The per-fold table shows v4 wins narrowly on 5 / 9 folds and matches or loses on the rest — well within single-seed noise.
Interpretation¶
The architecture ladder saturates at v3 on this regime. v4 trains to a marginally better train-set RMSE (over-fits a bit harder thanks to the ~4x parameters), but the held-out PLCC is statistically flat. This is consistent with the canonical-6 feature set being information-bottlenecked: with only 6 input dimensions, a 769-param MLP already has enough capacity to represent the per-frame VMAF target, and adding more capacity buys nothing on out-of-distribution sources.
Decision matrix (mirrors ADR-0242)¶
| Option | Outcome |
|---|---|
| Stay at v3, don't ship v4 | Loses the empirical saturation evidence; user explicitly asked for v4. |
| Ship v4 as opt-in, document ladder stops (chosen) | Records saturation; protects future agents from re-running the same experiment. |
| Ship v4 as production default, retire v3 | +0.0001 PLCC < single-seed noise; not justified. |
| Train mlp_huge as v5 | v3→v4 saturation already predicts a flat outcome; not worth the compute. |
Follow-ups¶
- Future quality gains require regime change: richer features, larger corpus, multi-seed averaging, or a fundamentally different fusion strategy (e.g. ensemble, distillation from a frame-level CNN).

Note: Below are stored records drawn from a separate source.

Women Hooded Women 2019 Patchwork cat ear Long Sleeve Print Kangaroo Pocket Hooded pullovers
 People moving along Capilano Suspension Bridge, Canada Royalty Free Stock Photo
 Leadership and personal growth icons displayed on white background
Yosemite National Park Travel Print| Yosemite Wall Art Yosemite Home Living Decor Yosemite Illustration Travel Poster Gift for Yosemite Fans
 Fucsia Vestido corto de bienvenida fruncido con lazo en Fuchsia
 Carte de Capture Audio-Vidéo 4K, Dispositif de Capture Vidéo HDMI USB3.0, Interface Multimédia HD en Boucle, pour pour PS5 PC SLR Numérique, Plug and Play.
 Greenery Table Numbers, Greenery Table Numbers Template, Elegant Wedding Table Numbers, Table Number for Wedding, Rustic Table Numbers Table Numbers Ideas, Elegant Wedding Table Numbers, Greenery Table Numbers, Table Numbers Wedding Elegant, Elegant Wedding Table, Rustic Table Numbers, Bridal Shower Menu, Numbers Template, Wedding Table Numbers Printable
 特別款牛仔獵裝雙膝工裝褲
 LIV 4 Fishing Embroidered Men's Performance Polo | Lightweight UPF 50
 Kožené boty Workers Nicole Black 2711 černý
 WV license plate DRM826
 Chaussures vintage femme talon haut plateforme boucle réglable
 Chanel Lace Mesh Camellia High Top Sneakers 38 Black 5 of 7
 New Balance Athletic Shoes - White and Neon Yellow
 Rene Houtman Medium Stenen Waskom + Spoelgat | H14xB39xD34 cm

A wider MLP is no longer the lever.
- A multi-seed v3 + v4 LOSO study (5+ seeds, matching v2's protocol) would tighten the variance estimate and confirm the +0.0001 mean delta is noise, not signal. Optional follow-up; not gating.
- The 3-tier (v2 default, v3 + v4 opt-in) story is documented in
docs/ai/inference.md; downstream users select via--tiny-model model/tiny/vmaf_tiny_v4.onnx.
References¶
- ADR-0242 (this digest's companion).
- ADR-0241 (parent — v3 mlp_medium ladder candidate).
- PR #294 body (v3 ship + v4 candidate flag).
- LOSO JSON:
runs/vmaf_tiny_v4_loso_metrics.json.